Question:
let $$f(0)=0,f(1)=1, f''(x)>0,x\in (0,1)$$ let $k>2$ are real numbers,show that $$4(k+1)\int_{0}^{1}(f(x))^kdx\le 1+3k\int_{0}^{1}(f(x))^{k-1}dx$$
This problem is from china Analysis problem book excise by (Min Hui XIE) ,analysis problem bookI think we can use $$F(x)=\int_{0}^{x}f(t)dt$$ so $$F(x)=x\int_{0}^{1}f(ux)du=x\int_{0}^{1}f[ux+(1-u)\cdot 0]du\ge x\int_{0}^{1}[uf(x)dx+(1-u)]du=\dfrac{x}{2}(f(x)+1)$$ then I can't,Thank you
On
Sign of $\boldsymbol{f}$
If $k\gt2$ is not assumed to be an integer, then we need to assume that $f$ is non-negative for $f(x)^k$ to make sense.
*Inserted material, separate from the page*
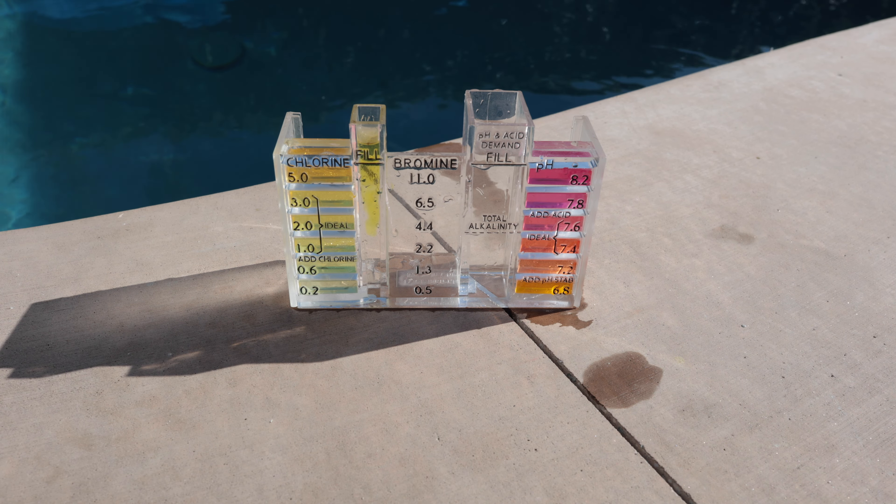One thing you will have to accurately monitor is your pH. In the process of making chlorine, the pH in your pool will slowly rise. So you will have to periodically add acid. In my case, I add acid about once a week — a very small amount — but I want to keep my pH dialed in so my chlorine is doing its job.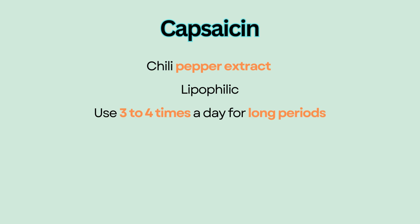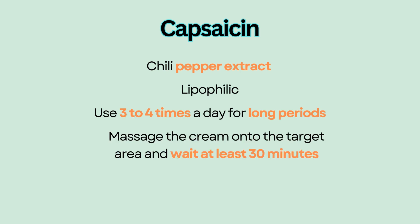Capsaicin should be used three to four times a day for long periods. Massage the cream onto the target area and wait at least 30 minutes before washing or wiping off to ensure adequate absorption.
Moreover, if $k=4$ and $f(x)=2x^6-x$, then $$ 4(k+1)\int_0^1f(x)^k\,\mathrm{d}x=\frac45\gt\frac{102}{133}=1+3k\int_0^1f(x)^{k-1}\,\mathrm{d}x\tag{1} $$ Therefore, I think it is safe to assume that $f$ needs to be non-negative.
Variational Argument
To maximize $\int_0^1\left(4(k+1)f(x)^k-3kf(x)^{k-1}\right)\,\mathrm{d}x$ for all $f$ so that $f(0)=0$ and $f(1)=1$ we need $$ \begin{align} 0 &=\delta\int_0^1\left[4(k+1)f(x)^k-3kf(x)^{k-1}\right]\,\mathrm{d}x\\ &=\int_0^1\left[4(k+1)kf(x)^{k-1}-3k(k-1)f(x)^{k-2}\right]\delta f(x)\,\mathrm{d}x\tag{2} \end{align} $$ for every $\delta f$ that fixes $\int_0^1f'(x)\,\mathrm{d}x$; that is, $$ \begin{align} 0 &=\delta\int_0^1f'(x)\,\mathrm{d}x\\ &=\int_0^1f''(x)\delta f(x)\,\mathrm{d}x\tag{3} \end{align} $$ To satisfy these conditions for all $\delta f$, we need a constant $\lambda$ so that $$ \begin{align} f''(x) &=\lambda\left[4(k+1)kf(x)^{k-1}-3k(k-1)f(x)^{k-2}\right]\\ &=\lambda 4k(k+1)f(x)^{k-2}\left[f(x)-\frac34\frac{k-1}{k+1}\right]\tag{4} \end{align} $$ Now we can use the condition that $f''(x)\ge0$. Note that if $\lambda\ne0$, then the right side of $(4)$ changes sign as $f(x)-\frac34\frac{k-1}{k+1}$ does, which it must since $f(0)=0$ and $f(1)=1$. Therefore, we must have that $\lambda=0$. This in turn implies that $f''(x)=0$. Thus, we must have that $$ f(x)=x\tag{5} $$ which means $$ \begin{align} \int_0^1\left(4(k+1)f(x)^k-3kf(x)^{k-1}\right)\,\mathrm{d}x &\le\int_0^1\left(4(k+1)x^k-3kx^{k-1}\right)\,\mathrm{d}x\\ &=1\tag{6} \end{align} $$ which is equivalent to the condition sought.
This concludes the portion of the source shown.